Protein Powders & Seitan

  • Soy protein powder 84% (soy milk 30%)
  • Pea protein powder 80%
  • Seitan (wheat gluten) 77%
  • Rice protein powder 77%
  • Hemp protein powder 45% (hemp milk 18%)

Nuts and Seeds

  • Hemp seeds (and hemp seed butter) 27%
  • Pumpkin seeds 23%
  • Flaxseeds (flax meal) 17%
  • Peanut butter 15%
  • Almonds 14%
  • Walnuts 14%
  • Pistachios 14%

Look at all of those veggie protein options! So much variety! All it takes is planning to make sure that you’re including protein with each meal and snack.

Here’s a recipe that is all of my favourite things: Easy, low in starchy carbs, full of protein and delicious!

Mango & Tempeh Lettuce Wraps (8 wraps) (from Oh My Veggies)

Ingredients: EVOO or other oil, 1 8-oz package of tempeh, 2 tbsp hoisin or soy sauce, splash lime juice, 3/4 C diced mango, 1/2 C diced cucumber, roasted peanuts or cashews, a few torn mint leaves, 8 butter, bibb, or iceberg lettuce leaves, Sriracha or chili sauce.
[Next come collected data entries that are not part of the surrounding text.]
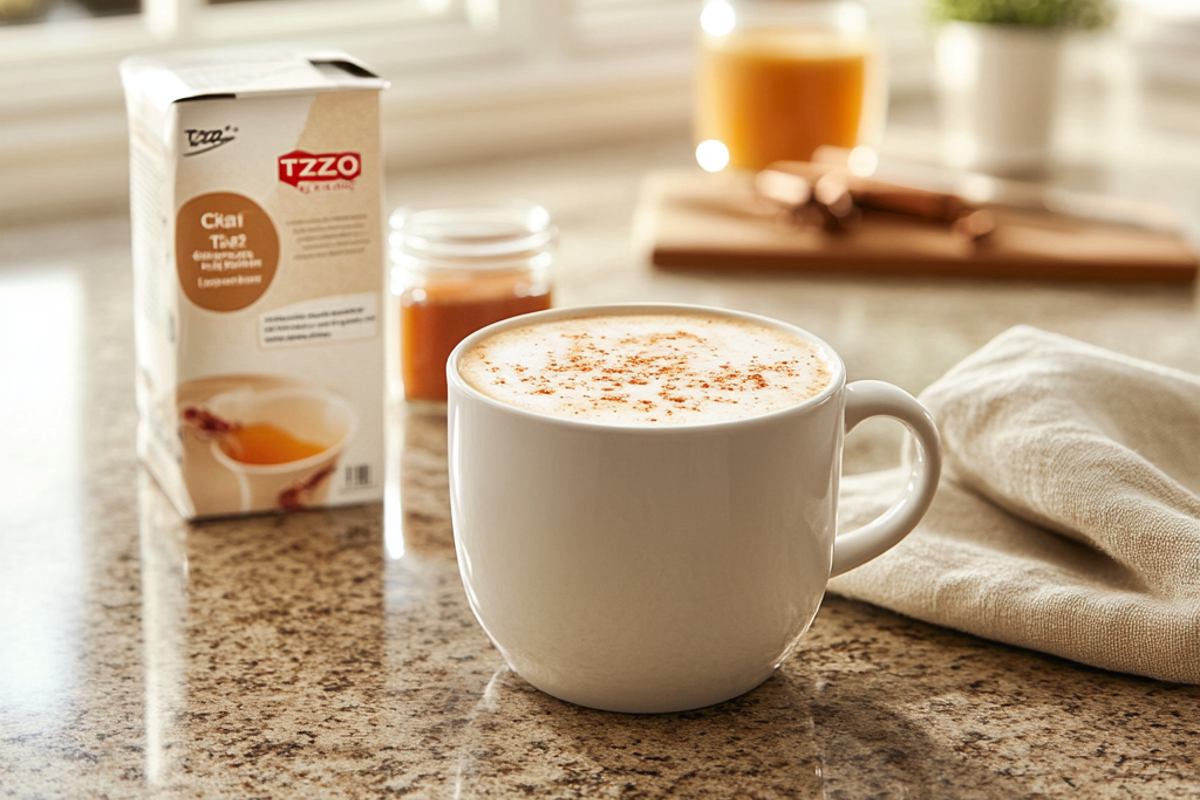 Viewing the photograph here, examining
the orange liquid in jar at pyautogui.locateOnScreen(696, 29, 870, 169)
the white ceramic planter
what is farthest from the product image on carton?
the white ceramic planter

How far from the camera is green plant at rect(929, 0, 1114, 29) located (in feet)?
5.15

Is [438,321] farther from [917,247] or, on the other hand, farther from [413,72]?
[413,72]

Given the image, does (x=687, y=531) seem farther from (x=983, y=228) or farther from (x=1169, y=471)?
(x=983, y=228)

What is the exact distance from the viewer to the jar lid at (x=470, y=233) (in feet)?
3.26

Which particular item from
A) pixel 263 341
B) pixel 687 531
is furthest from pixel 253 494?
pixel 687 531

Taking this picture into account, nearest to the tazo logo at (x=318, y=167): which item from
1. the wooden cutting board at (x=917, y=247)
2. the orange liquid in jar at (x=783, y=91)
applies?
the wooden cutting board at (x=917, y=247)

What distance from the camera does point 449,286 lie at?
0.99 meters

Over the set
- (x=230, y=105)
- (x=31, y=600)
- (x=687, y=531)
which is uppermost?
(x=230, y=105)

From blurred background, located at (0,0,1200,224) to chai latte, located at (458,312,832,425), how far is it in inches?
37.1

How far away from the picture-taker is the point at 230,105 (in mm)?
733

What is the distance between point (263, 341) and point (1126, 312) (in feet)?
2.62

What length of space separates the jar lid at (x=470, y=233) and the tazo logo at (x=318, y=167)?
0.71 feet

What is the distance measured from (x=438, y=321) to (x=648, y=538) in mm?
472

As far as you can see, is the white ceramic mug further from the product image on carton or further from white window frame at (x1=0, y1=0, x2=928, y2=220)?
white window frame at (x1=0, y1=0, x2=928, y2=220) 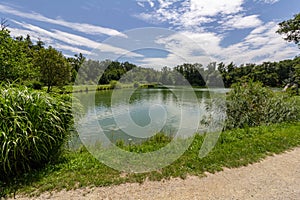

How to make it: Stir-fry the tempeh in the oil until it starts to brown, add in the hoisin/soy sauce and lime juice and mix well. Remove from the heat and stir in the mango, cucumber, nuts and mint leaves. Divide the mixture into the lettuce leaves, roll the leaves up and top with hot sauce (if you like it spicy)!

If you’re vegetarian or vegan, do you feel like you’re getting enough protein? What’s your favourite recipe – we’d love to know!